Почешется — простынет след.
Так через сотню лет
сровняется с землею холм
на кладбище глухом.
Раздвигание языковых и смысловых границ начинает работать в полной мере ближе ко второй части книги, когда лирический герой пытается осмыслить то бескрайнее и непостижимое, что обычно называется вечностью:
Ты недоступен брызгам и ветрам.
Тебя врачи, ощупав, по утрам
все чаще хвалят. Ты отводишь взгляд.
Не им и не тебе принадлежат
стволы, пустоты, корни и вершины.
Лежи, бессонной темнотой прижат,
и слушай этот лес непостижимый.
Второе главное стихотворение книги — «Проявление», во многом антиподное «Путешествию». В «Проявлении» мир замирает перед внимательным взглядом автора, обеспечивая развернутую живописность остановленного мгновения:
Застыньте перед камерой на три
секунды — станете как боги.
Познаете: мир прост и черно-бел.
Ни складок, ни морщин не знает тело.
Мир останавливается, чтобы быть запечатленным на пленке памяти.

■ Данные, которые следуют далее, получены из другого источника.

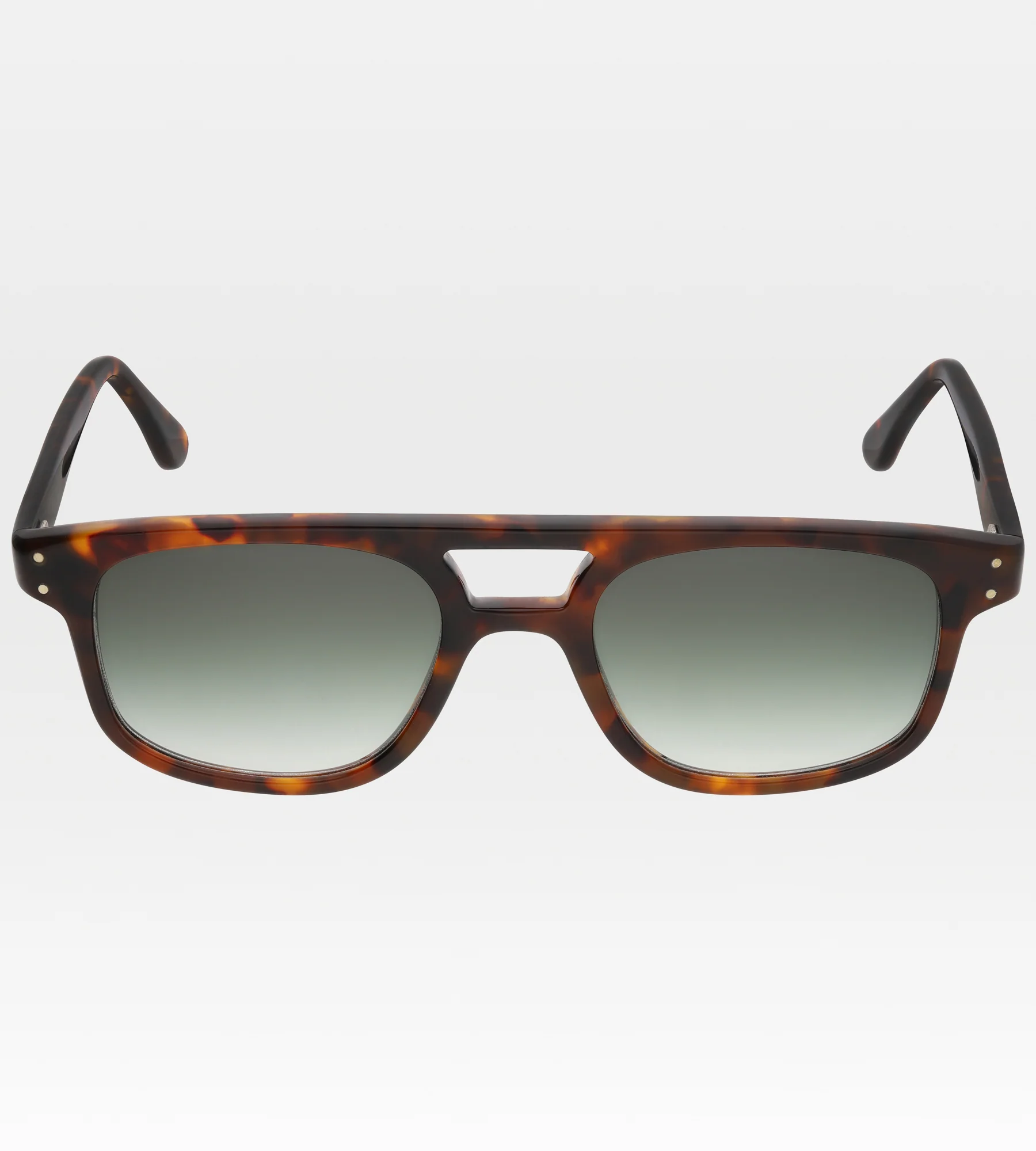 Lunettes de soleil BOLIDE couleur écaille - Les Ateliers Baudin - Image 3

Диалектика книги: от детства к юности и зрелости и далее в бесконечность — в вечность — движется не только наблюдатель, но и — параллельно, на шаг впереди — большой мир. Родители и деревья стареют и уходят, прокладывая тебе путь по тому же маршруту.
«Никогда не снимай во сне: / эти серые фото не лягут в альбом / и ничей не обрадуют взгляд. / Проявляешь картинку — / на ней никого. Куда ж подевались они — дядя Сережа, Максим…» Оставлять след, на который будут ориентироваться идущие за тобой, — важно прежде всего для самого себя, для осознания своего места в этой небольшой жизни. Застывшие перед камерой — безусловные свидетели твоего собственного существования.
В последнем стихотворении книги, «Суббота», мы снова попадаем (впадаем?) в детство, в привычную уже благость знакомых предметов и лиц:
Припев твоей любимой песни
чем отдаленней, тем чудесней.
На кухне чашками стучат,
там бледный чай и блинный чад.
На пустыре твоя команда
уже разыгрывает мяч.
Лежи, как будто так и надо.
Листай программу передач.
Снова, как и в начале книги, мы имеем дело со снимком, визуальным документом. Он опять работает как главное свидетельство того, что любой такой стоп-кадр — важное звено, незаменимый мономер бесконечного полимера, бесконечной ленты человеческих жизней и слов.